(Record extracts begins)

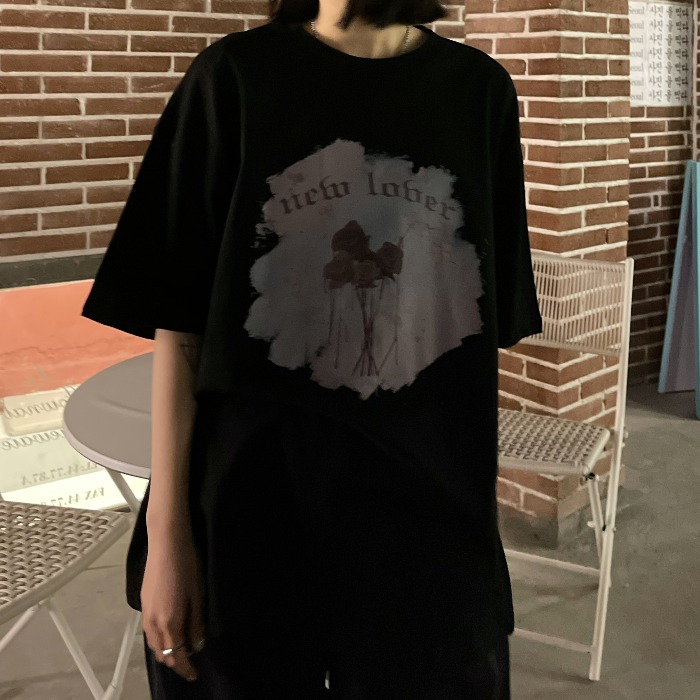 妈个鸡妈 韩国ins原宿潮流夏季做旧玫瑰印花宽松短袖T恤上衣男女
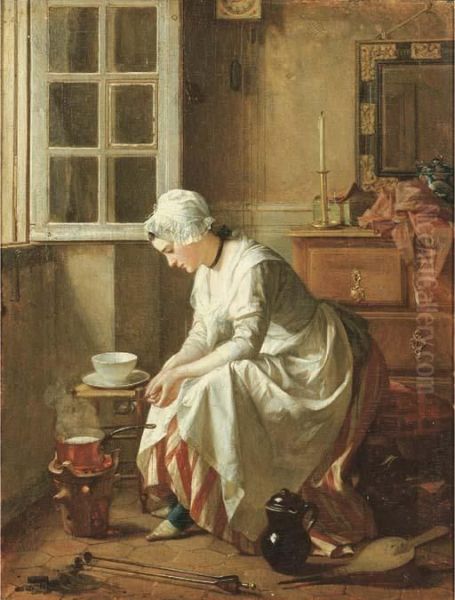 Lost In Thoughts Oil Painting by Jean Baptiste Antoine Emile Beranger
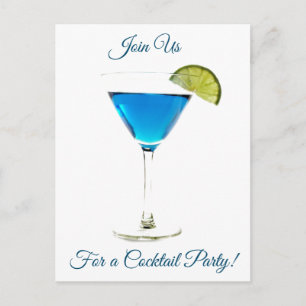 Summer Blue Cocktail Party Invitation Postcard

(Record extracts ends)
(Record extracts begins)

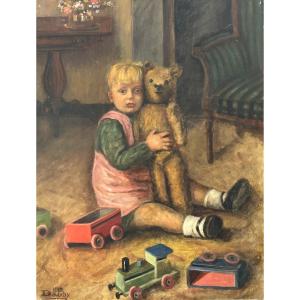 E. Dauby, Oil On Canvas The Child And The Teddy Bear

(Record extracts ends)

Each line above starting at the one holding "妈个鸡妈 韩国ins原宿潮流夏季做旧玫瑰印花宽松短袖T恤上衣男女" and ending at the one holding "Summer Blue Cocktail" should be set down exactly as it stands, both ends included, with no pictures.

→ Expected answer
 妈个鸡妈 韩国ins原宿潮流夏季做旧玫瑰印花宽松短袖T恤上衣男女
 Lost In Thoughts Oil Painting by Jean Baptiste Antoine Emile Beranger
 Summer Blue Cocktail Party Invitation Postcard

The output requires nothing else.